To hack each voice assistant, the researchers used a smartphone with about $3 of additional hardware, including a tiny speaker and amp. In theory, their methods, which are now public, are duplicatable by anyone with a bit of technical know-how and just a few bucks in their pocket.
In some cases, these attacks could only be made from inches away, though gadgets like the Apple Watch were vulnerable from within several feet. In that sense, it’s hard to imagine an Amazon Echo being hacked with DolphinAttack. An intruder who wanted to “open the backdoor” would already need to be inside your home, close to your Echo. But hacking an iPhone seems like no problem at all. A hacker would nearly need to walk by you in a crowd. They’d have their phone out, playing a command in frequencies you wouldn’t hear, and you’d have your own phone dangling in your hand. So maybe you wouldn’t see as Safari or Chrome loaded a site, the site ran code to install malware, and the contents and communications of your phone were open season for them to explore.
The exploit is enabled by a combination of hardware and software problems, the researchers explain in their paper. The microphones and software that power voice assistants like Siri, Alexa, and Google Home can pick up inaudible frequencies–specifically, frequencies above the 20KhZ limits of human ears.

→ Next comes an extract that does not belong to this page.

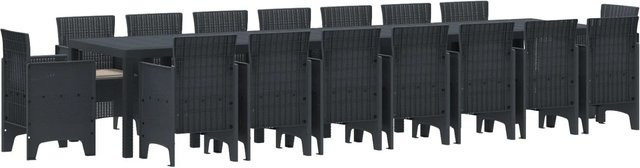 vidaXL 17-teilige Garten-Essgruppe aus Poly-Rattan mit Kissen in Anthrazit - Bild 1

According to Gadi Amit, founder of NewDealDesign and industrial designer of products like the Fitbit, the design of such microphones make them difficult to secure from this type of attack. “Microphones’ components themselves vary in type, but most use air pressures that probably cannot be blocked from ultrasounds,” Amit explains. Basically, the most popular mics of today transform turbulent air–or sound waves–into electrical waves. Blocking those super-hearing capabilities might be impossible.
That means it’s up to software to decipher what’s human speech and what’s machine speech. In theory, Apple or Google could just command their assistants to never obey orders from someone speaking at 20kHz with a digital audio filter: “Wait, this human is telling me what to do in a vocal range they can’t possibly speak! I’m not going to listen to them!” But according to what the Zhejiang researchers found, every major voice assistant company exhibited vulnerability with commands stated above 20kHz.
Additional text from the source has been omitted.